ACTIVITY: Lines that include the string "Ivory" are the ones to copy from the entries below.

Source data

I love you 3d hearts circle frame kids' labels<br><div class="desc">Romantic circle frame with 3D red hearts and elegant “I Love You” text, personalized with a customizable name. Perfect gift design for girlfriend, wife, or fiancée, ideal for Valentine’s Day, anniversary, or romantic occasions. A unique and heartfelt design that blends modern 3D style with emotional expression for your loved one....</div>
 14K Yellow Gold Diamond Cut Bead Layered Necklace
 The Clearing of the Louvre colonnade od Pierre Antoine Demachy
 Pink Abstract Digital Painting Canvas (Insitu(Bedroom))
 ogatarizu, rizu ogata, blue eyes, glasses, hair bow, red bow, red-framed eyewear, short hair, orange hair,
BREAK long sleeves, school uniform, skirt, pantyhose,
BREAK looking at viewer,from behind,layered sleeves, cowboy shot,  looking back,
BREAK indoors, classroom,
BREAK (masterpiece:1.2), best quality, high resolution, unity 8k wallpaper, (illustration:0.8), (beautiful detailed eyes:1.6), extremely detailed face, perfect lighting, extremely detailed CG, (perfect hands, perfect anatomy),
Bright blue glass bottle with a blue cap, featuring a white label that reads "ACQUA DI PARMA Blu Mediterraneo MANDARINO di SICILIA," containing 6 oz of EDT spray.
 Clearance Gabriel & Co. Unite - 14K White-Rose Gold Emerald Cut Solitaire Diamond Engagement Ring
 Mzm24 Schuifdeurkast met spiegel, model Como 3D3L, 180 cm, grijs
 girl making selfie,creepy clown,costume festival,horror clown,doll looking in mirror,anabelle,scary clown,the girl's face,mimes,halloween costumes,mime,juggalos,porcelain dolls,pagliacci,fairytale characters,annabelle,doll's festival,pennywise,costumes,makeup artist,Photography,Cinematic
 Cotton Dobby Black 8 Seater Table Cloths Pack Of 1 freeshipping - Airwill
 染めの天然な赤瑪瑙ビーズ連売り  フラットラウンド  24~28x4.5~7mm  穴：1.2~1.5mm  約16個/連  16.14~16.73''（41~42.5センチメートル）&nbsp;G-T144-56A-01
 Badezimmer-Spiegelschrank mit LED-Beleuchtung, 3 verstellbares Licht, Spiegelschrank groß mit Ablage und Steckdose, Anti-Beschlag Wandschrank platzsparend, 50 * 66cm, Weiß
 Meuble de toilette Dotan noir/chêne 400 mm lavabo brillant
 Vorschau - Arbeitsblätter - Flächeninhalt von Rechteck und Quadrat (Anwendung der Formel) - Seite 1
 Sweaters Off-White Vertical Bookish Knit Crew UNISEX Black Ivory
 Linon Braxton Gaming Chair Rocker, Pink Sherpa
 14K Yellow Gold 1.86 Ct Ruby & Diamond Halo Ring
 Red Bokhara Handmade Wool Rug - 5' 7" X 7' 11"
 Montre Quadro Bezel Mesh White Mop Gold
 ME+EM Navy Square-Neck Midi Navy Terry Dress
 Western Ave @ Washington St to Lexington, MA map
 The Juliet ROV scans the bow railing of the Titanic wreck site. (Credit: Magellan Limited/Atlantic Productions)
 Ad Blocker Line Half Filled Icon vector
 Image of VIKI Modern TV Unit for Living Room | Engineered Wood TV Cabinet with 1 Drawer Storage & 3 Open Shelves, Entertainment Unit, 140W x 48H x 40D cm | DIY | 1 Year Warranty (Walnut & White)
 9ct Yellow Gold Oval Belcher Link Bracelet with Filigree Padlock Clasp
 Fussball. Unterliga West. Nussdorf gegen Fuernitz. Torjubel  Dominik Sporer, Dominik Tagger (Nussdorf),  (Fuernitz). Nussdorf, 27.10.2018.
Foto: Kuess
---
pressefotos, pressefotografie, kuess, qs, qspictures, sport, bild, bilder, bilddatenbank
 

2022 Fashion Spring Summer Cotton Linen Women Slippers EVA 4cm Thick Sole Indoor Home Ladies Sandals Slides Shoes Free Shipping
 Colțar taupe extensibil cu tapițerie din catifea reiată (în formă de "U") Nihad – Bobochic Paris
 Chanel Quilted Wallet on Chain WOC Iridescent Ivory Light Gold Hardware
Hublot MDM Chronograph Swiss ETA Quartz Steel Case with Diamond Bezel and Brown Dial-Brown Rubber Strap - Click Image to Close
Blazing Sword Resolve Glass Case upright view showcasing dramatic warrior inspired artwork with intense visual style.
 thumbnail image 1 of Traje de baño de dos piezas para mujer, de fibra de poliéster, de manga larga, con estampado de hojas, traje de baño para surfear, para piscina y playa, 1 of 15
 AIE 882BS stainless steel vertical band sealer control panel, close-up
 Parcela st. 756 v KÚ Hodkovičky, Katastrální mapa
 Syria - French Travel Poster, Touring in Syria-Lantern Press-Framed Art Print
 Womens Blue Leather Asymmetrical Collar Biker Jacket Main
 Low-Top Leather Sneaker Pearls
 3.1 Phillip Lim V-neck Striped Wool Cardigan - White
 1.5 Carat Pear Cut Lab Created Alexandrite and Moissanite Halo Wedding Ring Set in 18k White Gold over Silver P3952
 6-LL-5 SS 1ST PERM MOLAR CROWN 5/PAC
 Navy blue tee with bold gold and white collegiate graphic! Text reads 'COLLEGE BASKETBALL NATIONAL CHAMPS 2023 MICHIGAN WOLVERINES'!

ANSWER BOX:
 Sweaters Off-White Vertical Bookish Knit Crew UNISEX Black Ivory
 Chanel Quilted Wallet on Chain WOC Iridescent Ivory Light Gold Hardware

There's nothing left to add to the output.